We as a society want to believe that all medical decisions are made with the patient’s best interests at heart although, at times, less noble factors play a role in determining what tests to order, what procedures to recommend, and what medications to prescribe. American medicine is big business. Doctors, hospitals, medical device manufacturers, and pharmaceutical companies have strong economic motives to provide excessive treatments that often provide no or little benefit. Patients, in turn, have expectations from their doctors often based on little science. Doctor’s frequently acquiesce to patients’ demands even when the medical care is more expensive, even when the care is not better, and sometimes even when the care is worse. Reimbursement for medical treatment should be based on sound medical evidence but what constitutes sound evidence need to be determined in a timely objective fashion, and preferably outside of direct political influence. Such measures have already been adopted in most developed countries that enjoy better health care system than ours. Some might argue that this measure constitutes rationing. But to those objectors I would urge you to come observe a medical office.
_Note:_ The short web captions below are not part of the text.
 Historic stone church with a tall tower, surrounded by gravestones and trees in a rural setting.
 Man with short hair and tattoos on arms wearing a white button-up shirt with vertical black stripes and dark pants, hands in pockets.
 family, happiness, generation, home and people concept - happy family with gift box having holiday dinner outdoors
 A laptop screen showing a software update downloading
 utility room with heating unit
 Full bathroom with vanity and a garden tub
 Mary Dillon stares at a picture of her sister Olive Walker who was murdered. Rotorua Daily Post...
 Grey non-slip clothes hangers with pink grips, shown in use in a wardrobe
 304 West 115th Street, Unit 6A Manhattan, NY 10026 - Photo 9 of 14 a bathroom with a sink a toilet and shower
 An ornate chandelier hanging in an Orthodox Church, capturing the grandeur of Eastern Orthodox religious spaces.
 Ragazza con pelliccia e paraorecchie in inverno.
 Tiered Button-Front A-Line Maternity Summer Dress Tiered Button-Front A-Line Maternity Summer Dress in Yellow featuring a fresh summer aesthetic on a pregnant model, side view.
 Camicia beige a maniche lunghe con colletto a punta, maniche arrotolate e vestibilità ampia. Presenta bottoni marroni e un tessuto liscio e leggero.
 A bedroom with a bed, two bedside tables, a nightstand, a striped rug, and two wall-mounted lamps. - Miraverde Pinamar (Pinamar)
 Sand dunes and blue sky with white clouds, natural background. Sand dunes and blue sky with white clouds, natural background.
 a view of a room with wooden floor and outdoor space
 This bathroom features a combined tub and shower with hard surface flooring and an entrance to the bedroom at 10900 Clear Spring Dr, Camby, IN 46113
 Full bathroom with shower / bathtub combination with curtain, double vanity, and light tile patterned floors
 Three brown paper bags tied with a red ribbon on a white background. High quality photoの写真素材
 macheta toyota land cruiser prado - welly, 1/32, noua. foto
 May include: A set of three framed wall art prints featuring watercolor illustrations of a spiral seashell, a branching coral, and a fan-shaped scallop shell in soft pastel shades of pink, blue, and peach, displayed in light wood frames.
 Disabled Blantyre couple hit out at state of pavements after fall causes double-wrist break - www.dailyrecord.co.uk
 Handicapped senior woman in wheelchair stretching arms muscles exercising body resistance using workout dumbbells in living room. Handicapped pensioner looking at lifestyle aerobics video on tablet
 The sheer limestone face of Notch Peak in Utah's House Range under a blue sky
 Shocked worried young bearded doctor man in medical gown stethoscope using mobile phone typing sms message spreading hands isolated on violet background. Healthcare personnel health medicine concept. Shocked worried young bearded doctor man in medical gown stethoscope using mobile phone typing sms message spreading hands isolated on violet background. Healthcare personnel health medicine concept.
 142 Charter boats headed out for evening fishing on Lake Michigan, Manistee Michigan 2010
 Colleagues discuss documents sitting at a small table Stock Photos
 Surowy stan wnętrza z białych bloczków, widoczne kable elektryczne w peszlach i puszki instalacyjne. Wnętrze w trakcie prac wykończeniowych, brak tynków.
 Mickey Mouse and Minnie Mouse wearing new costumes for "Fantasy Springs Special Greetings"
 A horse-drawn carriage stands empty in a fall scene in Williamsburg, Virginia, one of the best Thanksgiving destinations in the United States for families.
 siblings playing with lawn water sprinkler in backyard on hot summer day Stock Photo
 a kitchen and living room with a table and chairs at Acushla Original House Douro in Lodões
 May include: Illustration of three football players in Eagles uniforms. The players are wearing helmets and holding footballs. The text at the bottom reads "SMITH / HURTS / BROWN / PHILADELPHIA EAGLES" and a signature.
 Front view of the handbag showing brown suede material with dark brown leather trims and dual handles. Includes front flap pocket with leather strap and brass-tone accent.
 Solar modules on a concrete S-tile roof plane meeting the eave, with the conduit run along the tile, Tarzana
We physicians daily make clinical decisions based on the type of insurance of the patient, based on our office’s ability to obtain pre-authorization from insurers, based on patient’s demands, and based on avoiding malpractice exposure. Those patients on state subsidized insurance are often rationed right out of town whereas those with good insurance sometimes end up providing a feeding frenzy for less than scrupulous practitioners. Requiring medical reimbursements for treatments and procedures to be based on scientific accountability, even with its imperfections, would constitute a major step to improve quality and control costs.
Expanding our primary care base also requires some central planning rather than just throwing more doctors into the mix. Our present system is top heavy with 70% of our doctors practicing as specialists. America doesn’t need more doctors; it just needs a different distribution. Medical education programs that train specialists need to be adjusted to reflect our true national needs for otherwise our specialist glut will continue. These changes won’t happen by the end of the summer!
Malpractice also needs to be radically changed and maybe taken entirely out of the court system. Estimates of $200 billion spent yearly on defensive medicine probably underestimate its true cost since the threat of malpractice weighs in on most medical decisions day-in and day-out. Again, I urge any doubter to observe a practicing doctor’s office.
Consumer advocacy groups like the American Cancer Society, the American Heart Association, and medical specialty societies need to be given less influence on legislating medical policies since these myopic groups frequently represent their constituency and fail to see the whole medical picture. Legislated medical mandates often make the medical situation worse.
If we truly want to heal American medicine, the political debate has to change from how we are going to pay for our overpriced, under-performing health care system to how we can provide high quality, efficient, cost effective medicine. Although members of both parties might find the new debate more difficult, continuing on our present path is impossible and solutions that avoid the difficult decisions are only doomed for failure.